#### Exercise input
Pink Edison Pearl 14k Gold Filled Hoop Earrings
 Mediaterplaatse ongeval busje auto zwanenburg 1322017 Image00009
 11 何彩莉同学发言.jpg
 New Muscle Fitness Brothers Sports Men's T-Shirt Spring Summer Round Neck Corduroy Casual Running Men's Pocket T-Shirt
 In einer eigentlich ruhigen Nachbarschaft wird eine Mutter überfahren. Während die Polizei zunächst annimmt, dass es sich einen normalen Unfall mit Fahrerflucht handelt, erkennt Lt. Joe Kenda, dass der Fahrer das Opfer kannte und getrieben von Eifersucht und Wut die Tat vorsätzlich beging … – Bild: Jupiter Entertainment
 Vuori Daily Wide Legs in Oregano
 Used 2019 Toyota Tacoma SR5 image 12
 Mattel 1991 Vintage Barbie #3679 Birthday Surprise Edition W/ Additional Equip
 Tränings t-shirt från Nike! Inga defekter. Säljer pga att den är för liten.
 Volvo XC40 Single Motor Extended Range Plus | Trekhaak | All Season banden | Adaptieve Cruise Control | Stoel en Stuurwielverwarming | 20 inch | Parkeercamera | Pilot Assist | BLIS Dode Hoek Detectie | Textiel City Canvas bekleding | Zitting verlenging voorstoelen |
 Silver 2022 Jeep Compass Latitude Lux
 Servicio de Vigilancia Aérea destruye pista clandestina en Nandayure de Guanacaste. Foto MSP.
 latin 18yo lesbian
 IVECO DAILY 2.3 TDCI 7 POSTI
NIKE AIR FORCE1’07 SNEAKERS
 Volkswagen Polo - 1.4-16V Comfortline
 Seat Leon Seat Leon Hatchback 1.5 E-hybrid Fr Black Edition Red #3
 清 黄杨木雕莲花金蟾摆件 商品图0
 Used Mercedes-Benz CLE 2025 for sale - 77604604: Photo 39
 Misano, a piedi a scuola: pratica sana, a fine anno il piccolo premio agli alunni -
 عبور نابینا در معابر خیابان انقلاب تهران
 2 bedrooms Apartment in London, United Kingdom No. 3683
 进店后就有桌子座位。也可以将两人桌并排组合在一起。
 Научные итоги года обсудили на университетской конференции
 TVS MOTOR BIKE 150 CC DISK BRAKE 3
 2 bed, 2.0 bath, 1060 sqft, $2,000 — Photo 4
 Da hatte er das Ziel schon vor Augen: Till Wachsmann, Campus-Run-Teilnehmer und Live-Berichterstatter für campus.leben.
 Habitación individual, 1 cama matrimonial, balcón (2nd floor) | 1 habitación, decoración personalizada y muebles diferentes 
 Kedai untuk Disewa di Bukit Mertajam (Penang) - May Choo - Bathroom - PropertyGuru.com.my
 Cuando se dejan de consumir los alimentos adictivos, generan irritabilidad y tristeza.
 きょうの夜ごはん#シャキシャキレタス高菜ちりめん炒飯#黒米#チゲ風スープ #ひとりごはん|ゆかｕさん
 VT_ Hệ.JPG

#### Task to complete
Write down again the exact lines running from the beginning of the data to the line containing "latin 18yo lesbian", with both ends included.

#### The completed task
Pink Edison Pearl 14k Gold Filled Hoop Earrings
 Mediaterplaatse ongeval busje auto zwanenburg 1322017 Image00009
 11 何彩莉同学发言.jpg
 New Muscle Fitness Brothers Sports Men's T-Shirt Spring Summer Round Neck Corduroy Casual Running Men's Pocket T-Shirt
 In einer eigentlich ruhigen Nachbarschaft wird eine Mutter überfahren. Während die Polizei zunächst annimmt, dass es sich einen normalen Unfall mit Fahrerflucht handelt, erkennt Lt. Joe Kenda, dass der Fahrer das Opfer kannte und getrieben von Eifersucht und Wut die Tat vorsätzlich beging … – Bild: Jupiter Entertainment
 Vuori Daily Wide Legs in Oregano
 Used 2019 Toyota Tacoma SR5 image 12
 Mattel 1991 Vintage Barbie #3679 Birthday Surprise Edition W/ Additional Equip
 Tränings t-shirt från Nike! Inga defekter. Säljer pga att den är för liten.
 Volvo XC40 Single Motor Extended Range Plus | Trekhaak | All Season banden | Adaptieve Cruise Control | Stoel en Stuurwielverwarming | 20 inch | Parkeercamera | Pilot Assist | BLIS Dode Hoek Detectie | Textiel City Canvas bekleding | Zitting verlenging voorstoelen |
 Silver 2022 Jeep Compass Latitude Lux
 Servicio de Vigilancia Aérea destruye pista clandestina en Nandayure de Guanacaste. Foto MSP.
 latin 18yo lesbian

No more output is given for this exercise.